■ To do
Output only the lines below from the one holding "image 1 of Core" down to the one holding "- 黑與白 - 查看 5", both end lines included and every picture dropped.

■ Provided data
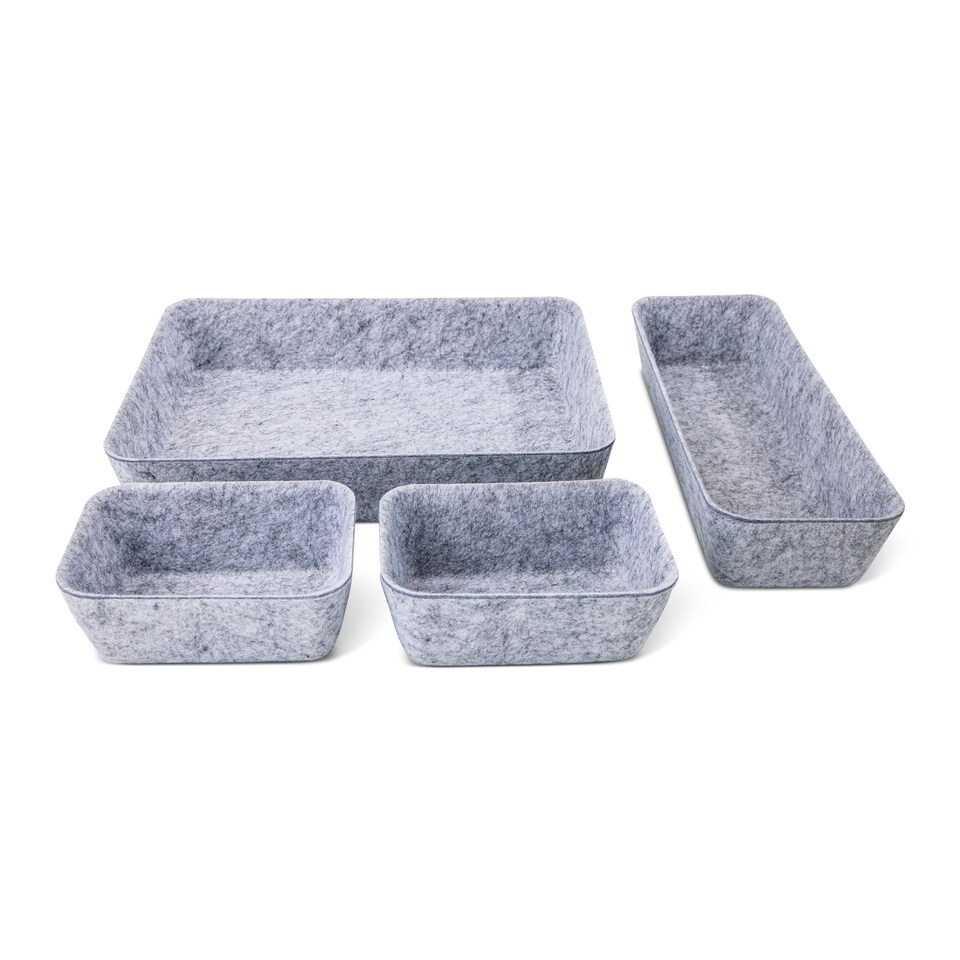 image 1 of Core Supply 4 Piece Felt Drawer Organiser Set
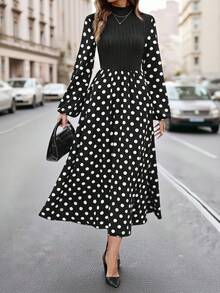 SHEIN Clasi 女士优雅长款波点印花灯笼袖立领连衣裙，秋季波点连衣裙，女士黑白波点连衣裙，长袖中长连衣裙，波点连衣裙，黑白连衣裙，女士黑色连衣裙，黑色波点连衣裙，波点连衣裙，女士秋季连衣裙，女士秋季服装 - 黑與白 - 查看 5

==

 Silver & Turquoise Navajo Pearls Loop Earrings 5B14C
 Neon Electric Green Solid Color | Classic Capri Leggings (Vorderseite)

■ Answer space
 image 1 of Core Supply 4 Piece Felt Drawer Organiser Set
 SHEIN Clasi 女士优雅长款波点印花灯笼袖立领连衣裙，秋季波点连衣裙，女士黑白波点连衣裙，长袖中长连衣裙，波点连衣裙，黑白连衣裙，女士黑色连衣裙，黑色波点连衣裙，波点连衣裙，女士秋季连衣裙，女士秋季服装 - 黑與白 - 查看 5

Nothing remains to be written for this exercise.